Your job with the data below is to output exactly the lines from the one holding "HomeRoots 4' Enhance" down to the one holding "Nederland Voorfilatelie Brief", both included, and no others.

§ **Task data**:
- - - - - - -

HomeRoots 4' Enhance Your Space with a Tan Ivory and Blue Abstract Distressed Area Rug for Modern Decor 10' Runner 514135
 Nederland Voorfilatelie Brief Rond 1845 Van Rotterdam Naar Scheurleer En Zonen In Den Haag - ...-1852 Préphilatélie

- - - - - - -

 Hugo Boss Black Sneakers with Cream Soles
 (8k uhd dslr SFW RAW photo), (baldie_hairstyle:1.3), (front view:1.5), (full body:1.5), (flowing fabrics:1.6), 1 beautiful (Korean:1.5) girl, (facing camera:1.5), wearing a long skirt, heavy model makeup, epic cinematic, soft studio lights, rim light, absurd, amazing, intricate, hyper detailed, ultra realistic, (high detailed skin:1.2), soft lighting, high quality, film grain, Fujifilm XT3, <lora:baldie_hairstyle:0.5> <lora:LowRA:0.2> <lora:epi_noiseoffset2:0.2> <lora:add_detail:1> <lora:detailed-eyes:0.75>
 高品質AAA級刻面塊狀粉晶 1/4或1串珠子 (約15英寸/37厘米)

- - - - - - -

§ **Solved exercise**:
HomeRoots 4' Enhance Your Space with a Tan Ivory and Blue Abstract Distressed Area Rug for Modern Decor 10' Runner 514135
 Nederland Voorfilatelie Brief Rond 1845 Van Rotterdam Naar Scheurleer En Zonen In Den Haag - ...-1852 Préphilatélie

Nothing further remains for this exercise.